Ups! Gambar ini tidak mengikuti Pedoman Konten kami. Untuk melanjutkan publikasi, hapuslah gambar ini atau unggah gambar lain.


"Lo yang siapin ini semua?"

Jaehyun duduk di tepi tempat tidur, di kamarku. Pemuda itu memangku kotak kardus yang dijejali berbagai macam barang: satu buah album musik band idolanya, sweater krem dengan rajutan namanya dibagian dada kiri, foto-foto aku dan Jaehyun bersama Johnny dan seluruh teman kami, dan beberapa lembar kertas berisi cerita pendek buatanku yang ditulis tangan. Satu dari kertas-kertas berisi cerita pendek tersebut ada dalam genggaman Jaehyun.

"Ini?"

"Bisa kamu baca kalau kamu gak bisa tidur."

Dia tersenyum, kembali menjelajahi isi kotak. Aku meliriknya ketus dari tempatku di hadapan meja belajar. Melipat tangan di depan dada, masih melanjutkan aksi merajuk sejak sore tadi.
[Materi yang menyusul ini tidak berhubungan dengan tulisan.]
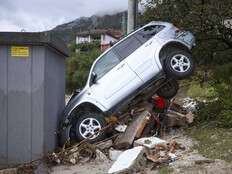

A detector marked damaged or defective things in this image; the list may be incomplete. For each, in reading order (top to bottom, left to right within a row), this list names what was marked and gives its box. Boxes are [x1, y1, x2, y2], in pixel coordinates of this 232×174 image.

broken wooden plank [113, 111, 150, 149]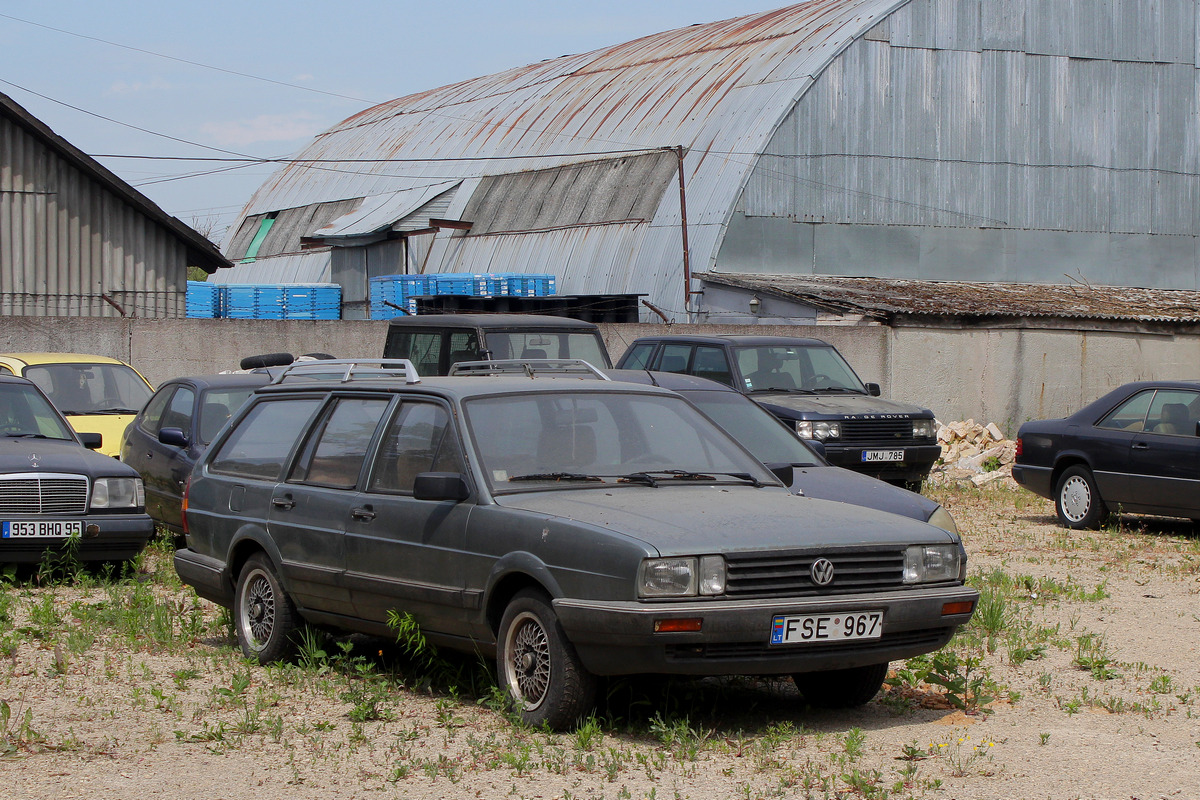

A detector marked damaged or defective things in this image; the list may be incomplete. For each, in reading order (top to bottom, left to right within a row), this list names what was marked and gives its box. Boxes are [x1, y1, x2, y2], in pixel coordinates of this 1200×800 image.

rusty curved barn roof [220, 0, 902, 309]
rusty curved barn roof [700, 273, 1200, 326]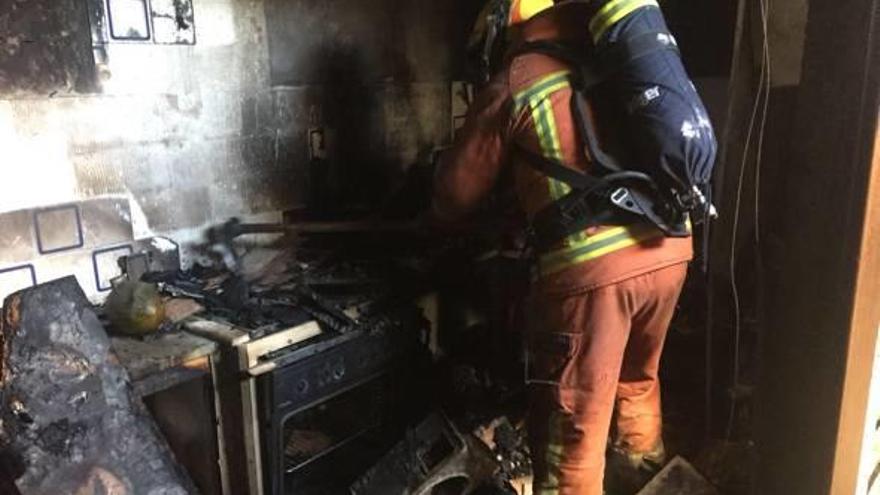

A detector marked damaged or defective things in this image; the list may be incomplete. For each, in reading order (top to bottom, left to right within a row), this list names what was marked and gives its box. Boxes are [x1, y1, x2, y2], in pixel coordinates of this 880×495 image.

Ini adalah malam terakhir Jaehyun disini. Malam yang amat memilukan bagiku, tetapi sekaligus malam yang amat manis.

Keluarga besar Jaehyun berkumpul. Bibi-bibinya. Pamannya yang datang jauh-jauh. Sepupu-sepupunya. Mereka membawa berbagai macam barang, membekali Jaehyun mau pun kedua orang tuanya dengan baju hangat, selimut, teh beraroma khas, dan masih banyak lagi. Terpaksa harus membongkar koper yang telah rapi, agar barang-barang itu bisa ikut terbang bersama mereka esok hari.

Aku dan Johnny diundang. Bertegur sapa sebentar dengan Mama dan Papa Jaehyun, langsung diarahkan menuju dapur. Dipersilakan mengambil apa saja yang ada, menyantap dengan sesuka hati sampai kenyang. Aku bahkan menambah dua piring karena terlalu lapar.

Masakan Mama Jaehyun memang yang terbaik.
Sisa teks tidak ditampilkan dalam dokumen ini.